Am 26.1.2001 hat die Bundesregierung im Bundesrat ihren Gesetzentwurf zur „Neuregelung von Beschränkungen des Brief-, Post- und Fernmeldegeheimnisses“ vorgelegt.[1] Mit dem Gesetz reagiert die Regierung auf die Entscheidung des Bundesverfassungsgerichts über die strategische Fernmeldekontrolle des Bundesnachrichtendienstes (BND). Das Gericht hatte einige Bestimmungen des G 10-Gesetzes als verfassungswidrig beanstandet und eine Frist bis zum 30.6.2001 gesetzt, um verfassungsgemäße Regelungen herzustellen. Der vorliegende Entwurf beinhaltet eine Neufassung des gesamten G 10-Gesetzes sowie Folgeänderungen u.a. im BND- und Verfassungsschutzgesetz. Verbesserungen gegenüber der bestehenden Rechtslage betreffen Kompetenzen und Ausstattung der G 10-Kommission sowie die Vernichtungs-, Protokollierungs- und Kennzeichnungspflichten.
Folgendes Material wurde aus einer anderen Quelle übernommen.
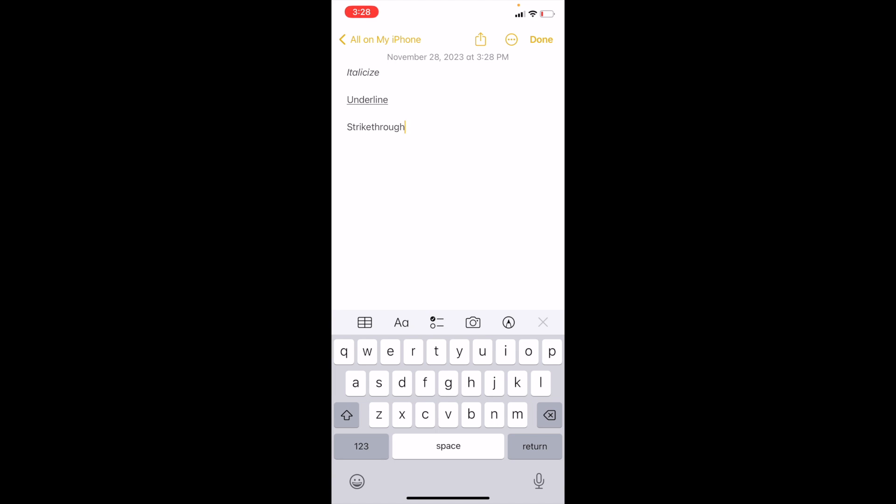Once you're done typing the word that you want to strike through, simply press on the text and hold it and then double tap it so you can highlight the entire thing.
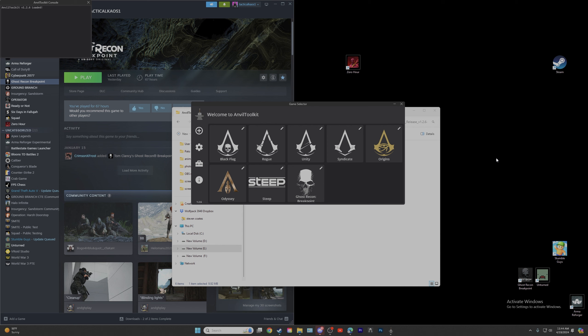Hey, what's going on everybody, it's your boy Tactical Chaos, welcome back to the channel. In today's video we're going to be going over from top to bottom how to install mods on Ghost Recon Breakpoint. We're going to do everything today — what you need, how to link your Anvil, how to install the pre-forged files, and on to installing your very first mod in Ghost Recon.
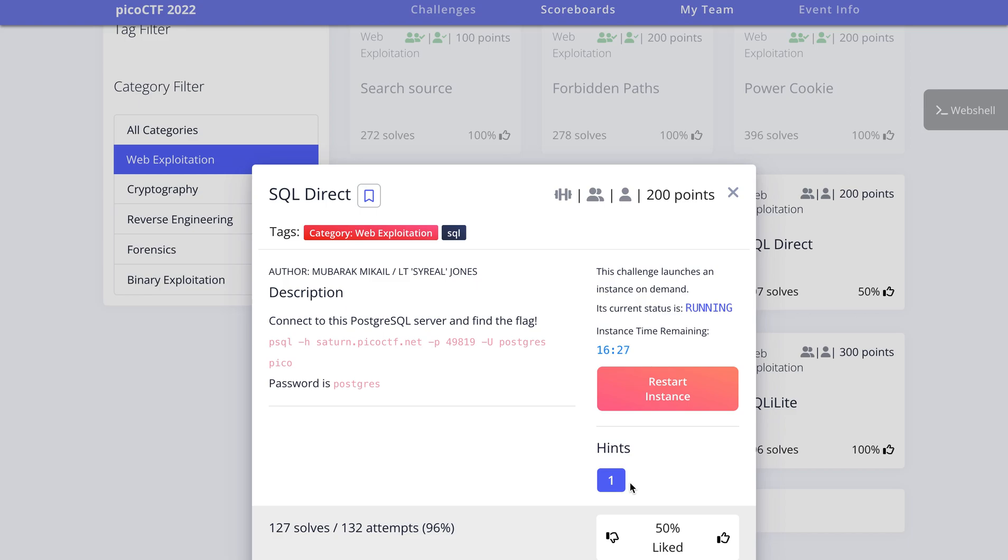Hey, what is up everybody, my name is Rahul and in this video we'll be looking at a challenge called SQL Direct. The description says connect to this PostgreSQL server and find the flag.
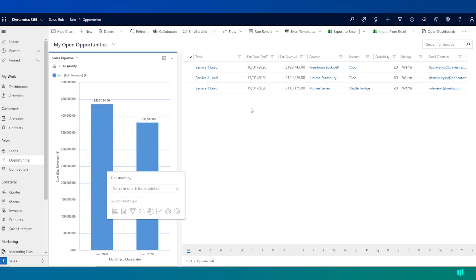So moving on from dashboards, users can use the left hand side of Dynamics 365 Sales to navigate to other record types and other areas of the system that they might be interested in.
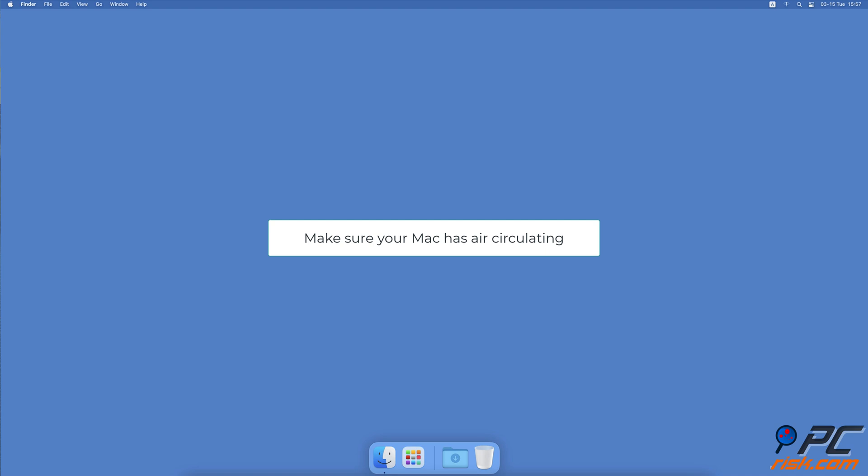Don't leave it on a couch, in a hot car, and in other places with limited air circulation. It's best to keep it on an even surface like your desk not to block Mac's airways.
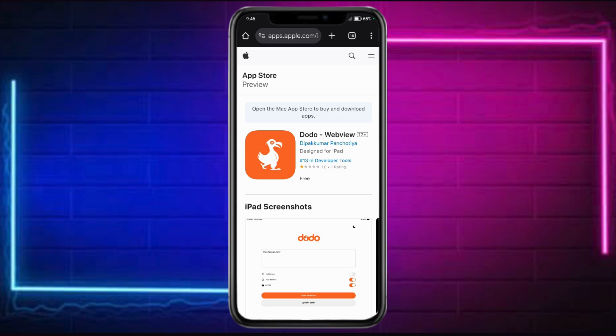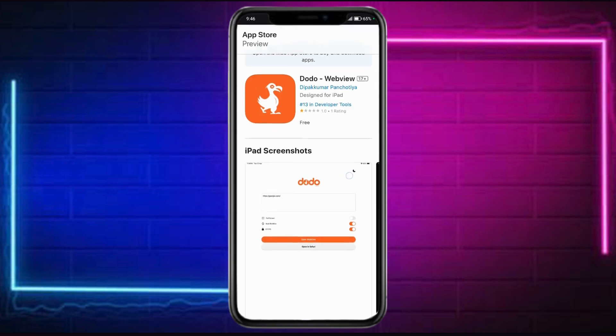So in order to do this, you first need to head over on your iPhone on the App Store and search for Dodo-WebView. You should be able to see it here. So head over and install this particular application.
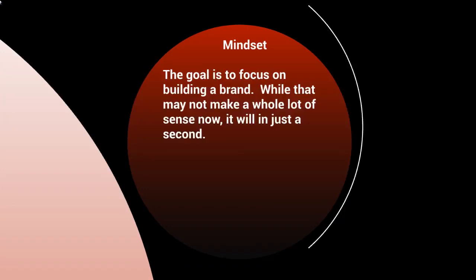Before we talk about the course, I want to make sure that you're in the right mindset. The goal here is to focus on building a brand. If you can start thinking that way, you're going to have a long-term strategy.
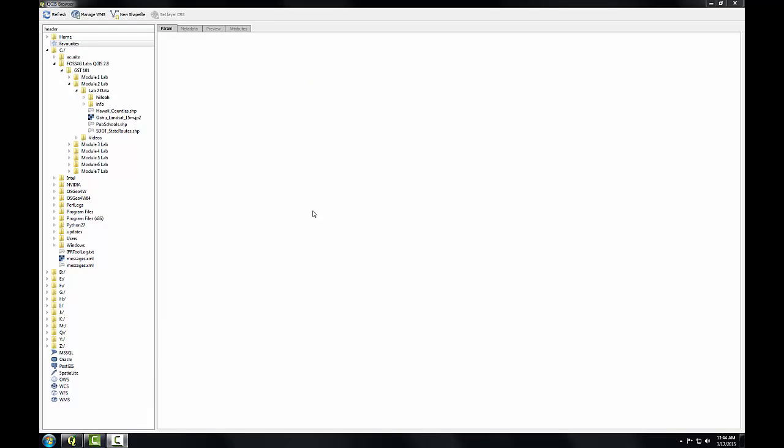Now that you're familiar with the basic layout of QGIS Browser, let's explore some geospatial data in more detail.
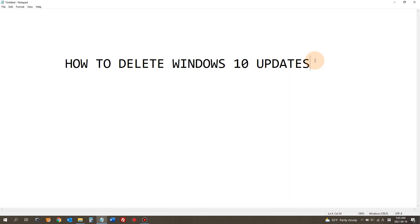Hi YouTube! In today's video, I'm going to show you how to delete a Windows update on Windows 10.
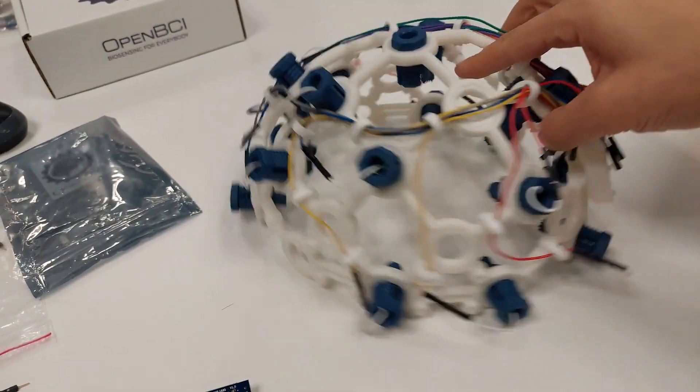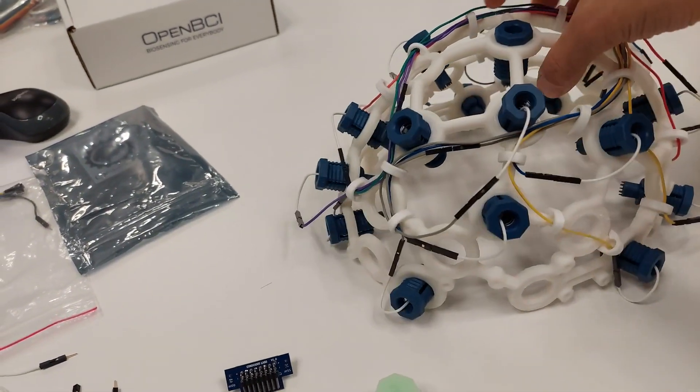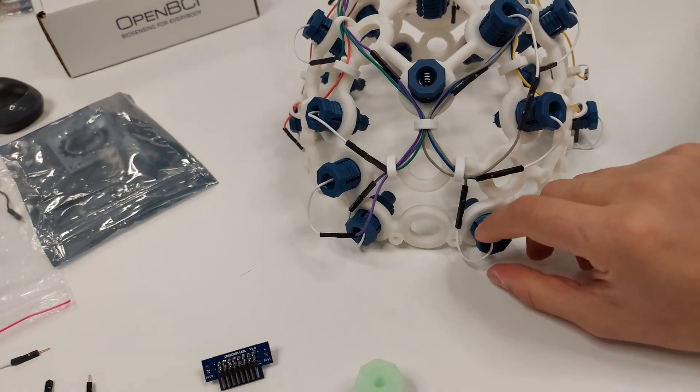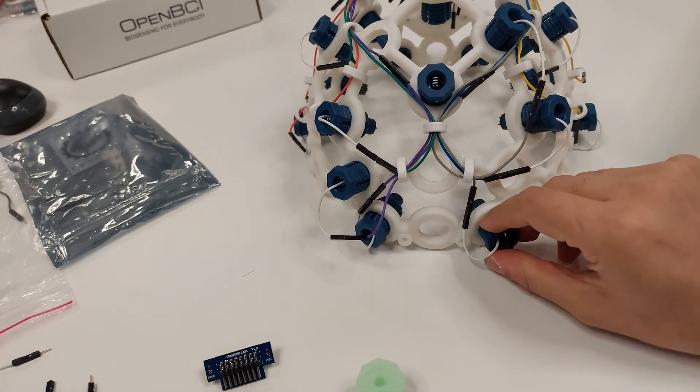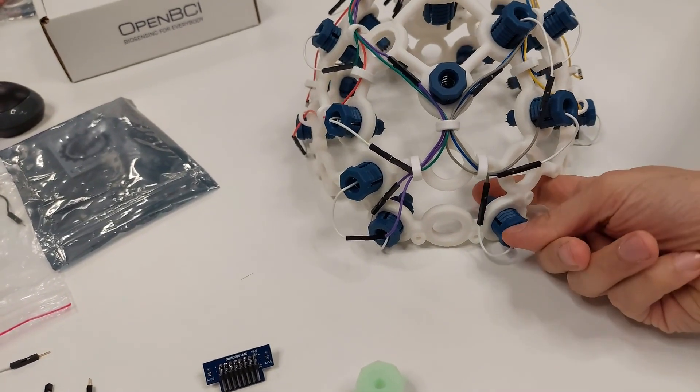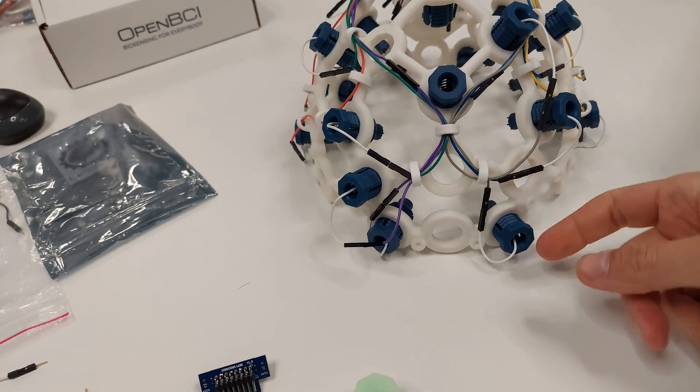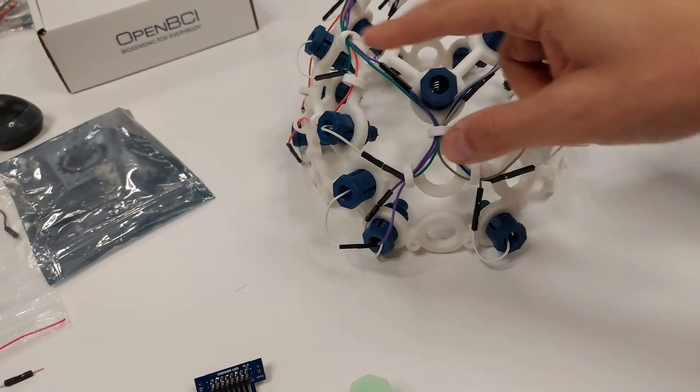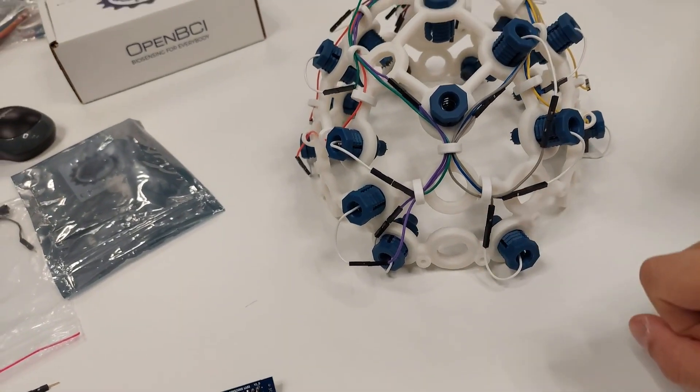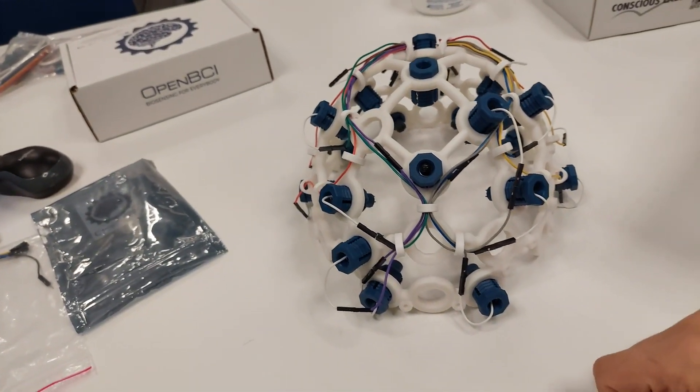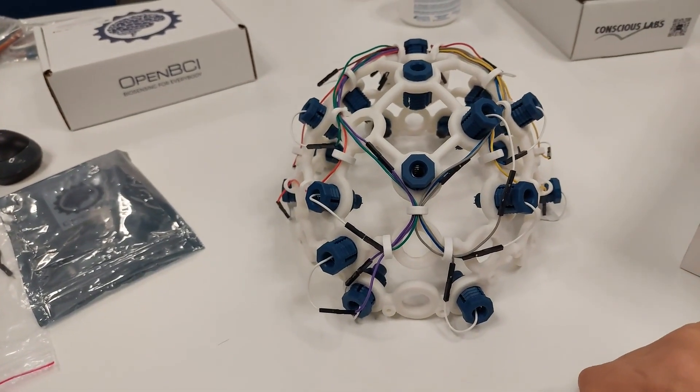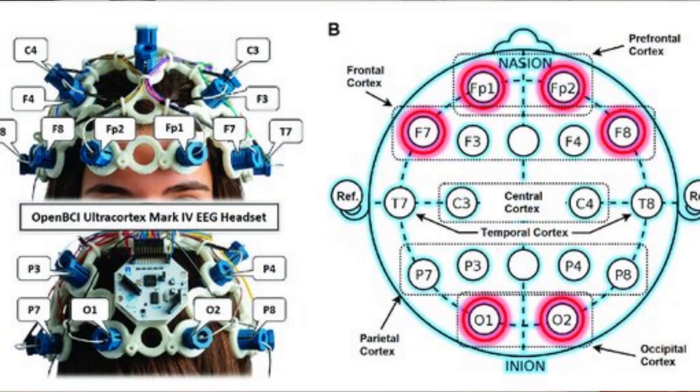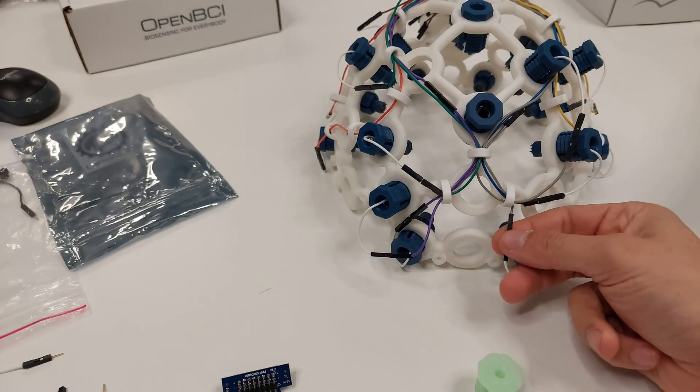So here I have already inserted the elements that allow you to put the electrodes within the mainframe and they substantially follow the 10-20 standard. They come with this kind of little connection thing.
Während zu erwarten ist, dass diese Bestimmungen im Gesetzgebungsverfahren wieder zurückgeschraubt werden, räumt die Novelle den Geheimdiensten weitere Überwachungsmöglichkeiten ein. Drei Beispiele:

  • Der Katalog der Straftaten, wegen derer die Dienste lauschen dürfen, ist erheblich erweitert worden. Zu den alten Staatsschutzdelikten wie Hochverrat, Landesverrat, Gefährdung des demokratischen Rechtsstaates treten nun Volksverhetzung, Mord, Totschlag, erpresserischer Menschenraub oder Herbeiführung einer Sprengstoffexplosion – sofern sie die „freiheitliche demokratische Grundordnung“ gefährden. Mit dieser Ausweitung wird offenkundig das Trennungsgebot von Polizei und Geheimdiensten nachhaltig durchlöchert.
  • Bislang darf der BND im Rahmen der strategischen Fernmeldeüberwachung nur den satellitengestützten Verkehr überwachen. Künftig soll der Dienst auch in den internationalen Festnetzen mithören und mitlesen dürfen.
  • Der BND darf zukünftig auch internationale Telekommunikationsbeziehungen überwachen, „um eine im Einzelfall bestehende Gefahr für Leib und Leben einer Person im Ausland rechtzeitig zu erkennen“, wenn „die Belange der Bundesrepublik Deutschland unmittelbar in besonderer Weise berührt sind“. Diese auf Geiselnahmen im Ausland zugeschnittene Regelung gibt dem BND ein zukunftsträchtiges, globales Betätigungsfeld.

Statt Demokratisierung oder Rückbau der Geheimdienste dient das neue G 10-Gesetz deren Existenzsicherung. Die Dienste werden endgültig als Akteure der „Verbrechensbekämpfung“ anerkannt, die Überwachungsmöglichkeiten erheblich ausgeweitet.